Figure 12 is a schematic diagram of the results of the inhalation administration metabolism experiment of Compound 19. As shown in Figure 12, the rat inhalation drug metabolism experiment proved that Compound 19 can reside in the lungs and not diffuse into the blood (proving the conclusion of Test Example 5). After inhalation administration of Compound 19, the drug concentration in the lung tissue was higher than its concentration in blood (compare Figure 12A and B). Compound 19 can quickly and efficiently release the antiviral active ingredient NHC in the lung tissue (Figure 12C); the active ingredient NHC released by compound 19 has a targeted distribution in the lung tissue (Figure 12C and D), and the concentration of NHC in the blood is significantly lower than the concentration in the lung tissue. . Compound 19 has strong lung targeting distribution properties, which can significantly improve the antiviral respiratory virus efficacy of its inhalants.

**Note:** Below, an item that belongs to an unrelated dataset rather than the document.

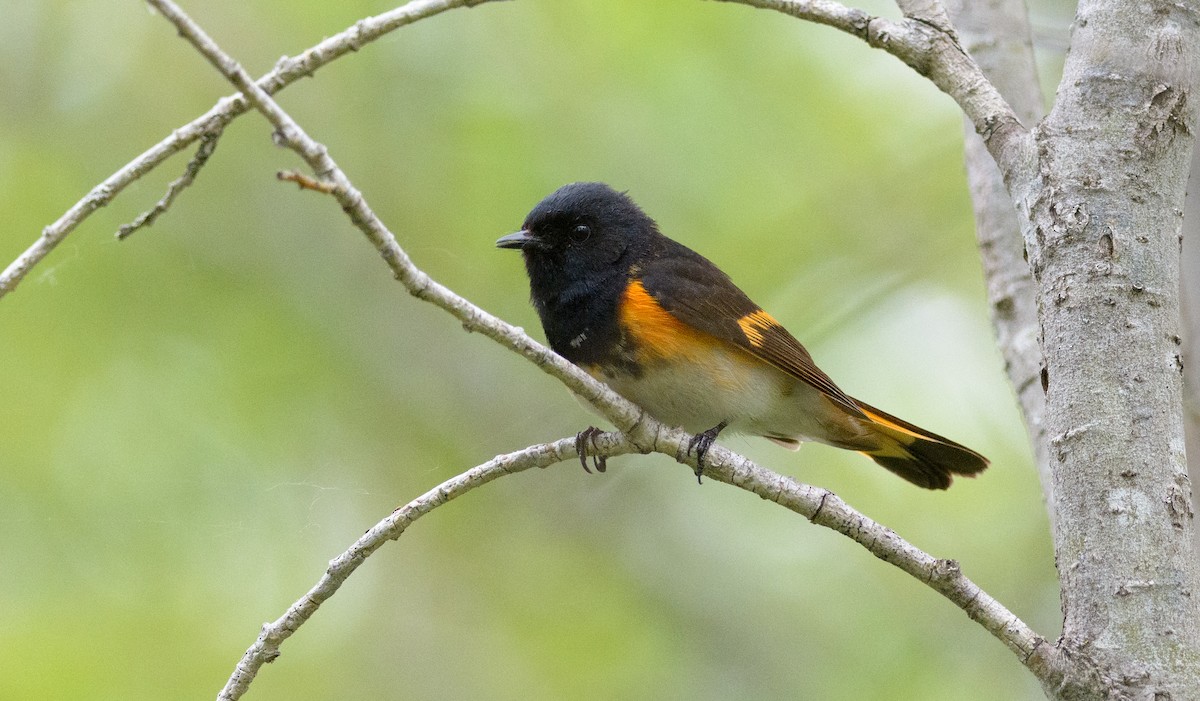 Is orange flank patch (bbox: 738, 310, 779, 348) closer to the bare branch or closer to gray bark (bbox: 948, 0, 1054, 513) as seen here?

The above are only specific embodiments of the present invention, but the protection scope of the present invention is not limited thereto. Any person familiar with the technical field can easily think of changes or replacements within the technical scope disclosed by the present invention. are covered by the protection scope of the present invention. Therefore, the protection scope of the present invention should be determined by the protection scope of the claims.

Claims (4)

A long-chain fatty acid prodrug of N4-hydroxycytidine isobutyl ester, the prodrug is selected from one of the following compounds: lauroyl prodrug (compound 19), myristoyl prodrug (compound 20) and palmitoyl prodrug Drug (compound 21), the structural formula is as follows:
The preparation method of prodrug according to claim 1, said method is carried out according to reaction formula 1:
Dissolve N4-hydroxycytidine isobutyl ester in the solvent, add organic base triethylamine or diisopropylethylamine as catalyst, slowly add acid chloride dropwise at low temperature (0-10°C), complete the addition, and stir at room temperature for 2- 24 hours, remove the solvent, extract, wash with ammonium chloride solution, hydrolyze the impurities produced by the secondary acylation, and then column chromatography to obtain the target product; Among them, R-C(=O)-Cl is selected from lauroyl chloride, myristoyl chloride, and palmitoyl chloride; The solvent is selected from dichloromethane, tetrahydrofuran, acetonitrile or ethyl acetate, etc. The prodrug compound according to claim 1, lauroyl prodrug, myristoyl prodrug and brown Use of palmitoyl prodrugs in the preparation of broad-spectrum antiviral drugs. The prodrug compound according to claim 1, the use of lauroyl prodrug, myristoyl prodrug and palmitoyl prodrug as the main active ingredients in the preparation of broad-spectrum antiviral drug preparations, said preparations including capsules, Inhalants, tablets, extended release formulations.